# Moving on without hate...



## RandomDude (Dec 18, 2010)

I wrote a thread before this but maybe put TMI

Anyways, just a simple question, how does one move on without hate? I've come to respect my STBX for our continual cooperation especially for our daughter, I can't hate her for what has happened. I'm having difficulties moving on emotionally however.

How?


----------



## whitehawk (Aug 14, 2012)

Don't get me started .
Wonder they haven't kicked me out here for repeating myself and I'm still trying to figure it out.
How long has it been for you , was there an om ?

But , you sorta summed up a lot of my feelings.
X has been so good , so caring , my daughter , our fkd up finances. She'll offer to race over here at the drop of a hat for anything no matter how tired she is. She leave herself with nothing to chip in even more with the financial mess.
And then , I basically caused our [email protected] , I just didn't destroy my family though , l wanted to save it.
And she's seeing some one.

6 mths now for us . I hate her again now for what she's done and for our daughter but I still love her because of what she still is and always was. Or something like that , depends on the day.

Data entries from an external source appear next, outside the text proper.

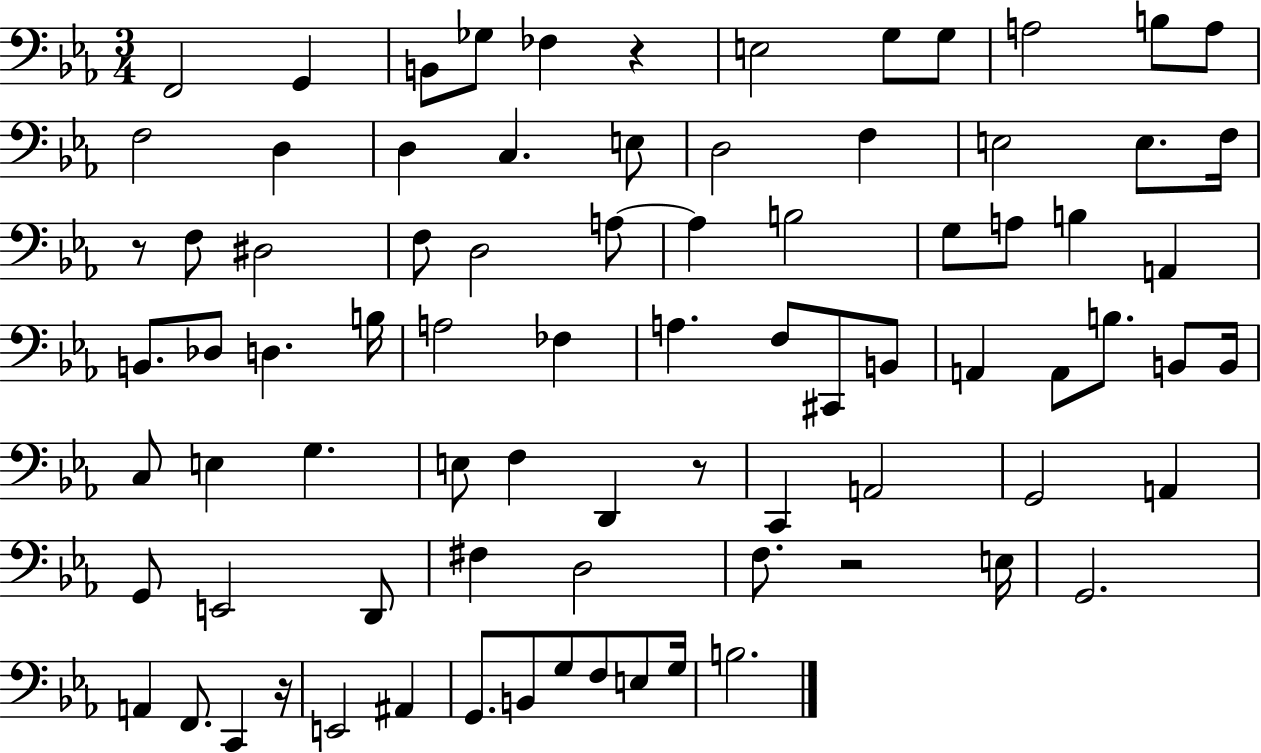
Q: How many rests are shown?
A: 5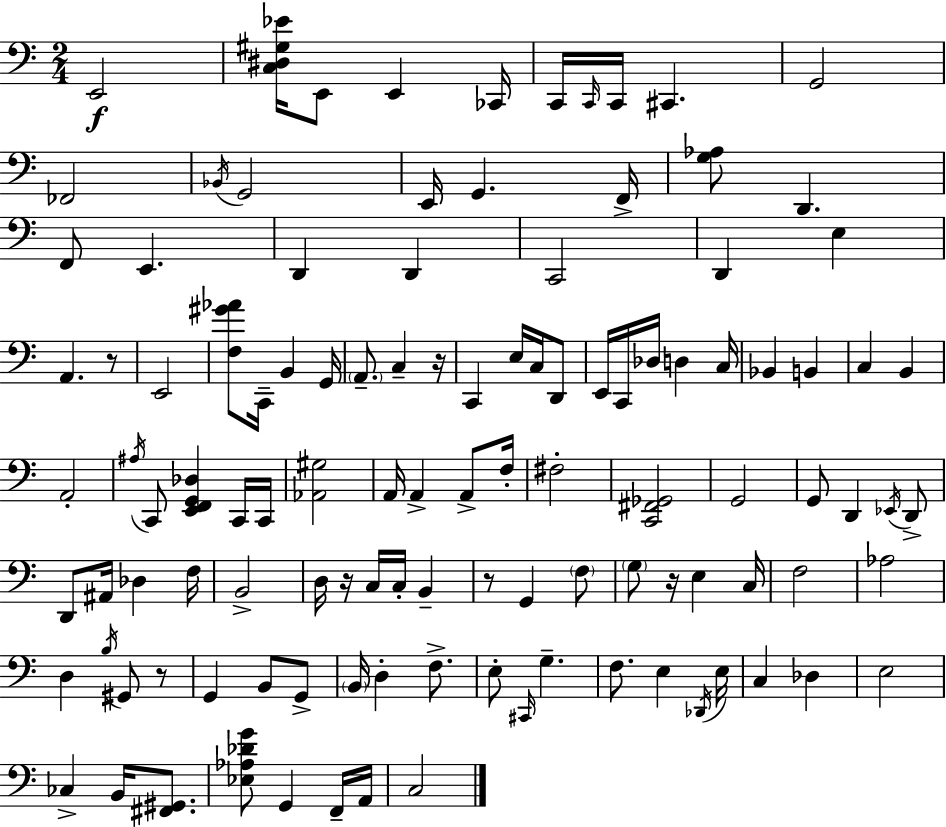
X:1
T:Untitled
M:2/4
L:1/4
K:C
E,,2 [C,^D,^G,_E]/4 E,,/2 E,, _C,,/4 C,,/4 C,,/4 C,,/4 ^C,, G,,2 _F,,2 _B,,/4 G,,2 E,,/4 G,, F,,/4 [G,_A,]/2 D,, F,,/2 E,, D,, D,, C,,2 D,, E, A,, z/2 E,,2 [F,^G_A]/2 C,,/4 B,, G,,/4 A,,/2 C, z/4 C,, E,/4 C,/4 D,,/2 E,,/4 C,,/4 _D,/4 D, C,/4 _B,, B,, C, B,, A,,2 ^A,/4 C,,/2 [E,,F,,G,,_D,] C,,/4 C,,/4 [_A,,^G,]2 A,,/4 A,, A,,/2 F,/4 ^F,2 [C,,^F,,_G,,]2 G,,2 G,,/2 D,, _E,,/4 D,,/2 D,,/2 ^A,,/4 _D, F,/4 B,,2 D,/4 z/4 C,/4 C,/4 B,, z/2 G,, F,/2 G,/2 z/4 E, C,/4 F,2 _A,2 D, B,/4 ^G,,/2 z/2 G,, B,,/2 G,,/2 B,,/4 D, F,/2 E,/2 ^C,,/4 G, F,/2 E, _D,,/4 E,/4 C, _D, E,2 _C, B,,/4 [^F,,^G,,]/2 [_E,_A,_DG]/2 G,, F,,/4 A,,/4 C,2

I have to move on now too but I just wish I could find clearer feelings about everything.


----------



## whitehawk (Aug 14, 2012)

I still have to see her all the time to for my daughter and our money crap. Sometimes I look forward to it , sometimes I'm so disgusted I can't even look at her :scratchhead:

Taking my daughter home again tonight , we were both sad and confused as usual taking her home. To see my beautiful girl having to live like this now well, you can guess the rest.


----------



## smallsteps (Feb 23, 2013)

I don't know for sure but I went through the hate part of it & cried my eyes out over it. Now I feel indifferent towards him. He'll have to live with the fallout from what he did. I'm pretty happy where I am now. Maybe that's it - when we start to detach & find happiness in our own lives apart from them is when we stop hating.


----------



## mule kick (Apr 10, 2012)

Having a new lover helps.


----------



## 06Daddio08 (Jul 26, 2012)

Moving on without hate? It happens when you let go of the past and stop making things personal. It happens when you realize that you no longer want to live your life angry. It happens when you come to find that holding onto everything serves no real purpose moving forward, as you can tell yourself that you will do your best never to place yourself in a situation like that again.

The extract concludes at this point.